> _YOUR INSTRUCTIONS_: Exactly retype the lines of the material from its first line to the line with "Thumbnail: 2021 Jeep Cherokee - 5", including both.

╭──

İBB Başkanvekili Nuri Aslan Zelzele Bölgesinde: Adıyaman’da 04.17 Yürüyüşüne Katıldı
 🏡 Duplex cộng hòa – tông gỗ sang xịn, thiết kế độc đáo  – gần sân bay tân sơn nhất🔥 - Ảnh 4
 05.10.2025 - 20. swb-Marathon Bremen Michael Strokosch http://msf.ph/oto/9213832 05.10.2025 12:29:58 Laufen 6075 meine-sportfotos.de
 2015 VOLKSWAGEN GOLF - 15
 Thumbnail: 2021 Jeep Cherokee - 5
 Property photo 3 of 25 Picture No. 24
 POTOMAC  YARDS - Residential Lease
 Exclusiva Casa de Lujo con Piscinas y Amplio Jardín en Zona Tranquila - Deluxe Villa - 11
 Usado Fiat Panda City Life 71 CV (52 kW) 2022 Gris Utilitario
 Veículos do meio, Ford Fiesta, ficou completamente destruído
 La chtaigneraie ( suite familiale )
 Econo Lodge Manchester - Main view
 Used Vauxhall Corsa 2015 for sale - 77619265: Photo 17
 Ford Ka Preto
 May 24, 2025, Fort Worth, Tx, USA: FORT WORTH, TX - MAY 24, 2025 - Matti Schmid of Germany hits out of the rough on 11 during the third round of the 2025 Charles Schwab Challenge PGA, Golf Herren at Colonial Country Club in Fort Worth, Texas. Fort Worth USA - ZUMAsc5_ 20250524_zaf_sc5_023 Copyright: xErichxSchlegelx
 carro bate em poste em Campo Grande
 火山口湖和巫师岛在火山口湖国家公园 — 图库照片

╰──

> _SOLUTION TO THE PROBLEM_:
İBB Başkanvekili Nuri Aslan Zelzele Bölgesinde: Adıyaman’da 04.17 Yürüyüşüne Katıldı
 🏡 Duplex cộng hòa – tông gỗ sang xịn, thiết kế độc đáo  – gần sân bay tân sơn nhất🔥 - Ảnh 4
 05.10.2025 - 20. swb-Marathon Bremen Michael Strokosch http://msf.ph/oto/9213832 05.10.2025 12:29:58 Laufen 6075 meine-sportfotos.de
 2015 VOLKSWAGEN GOLF - 15
 Thumbnail: 2021 Jeep Cherokee - 5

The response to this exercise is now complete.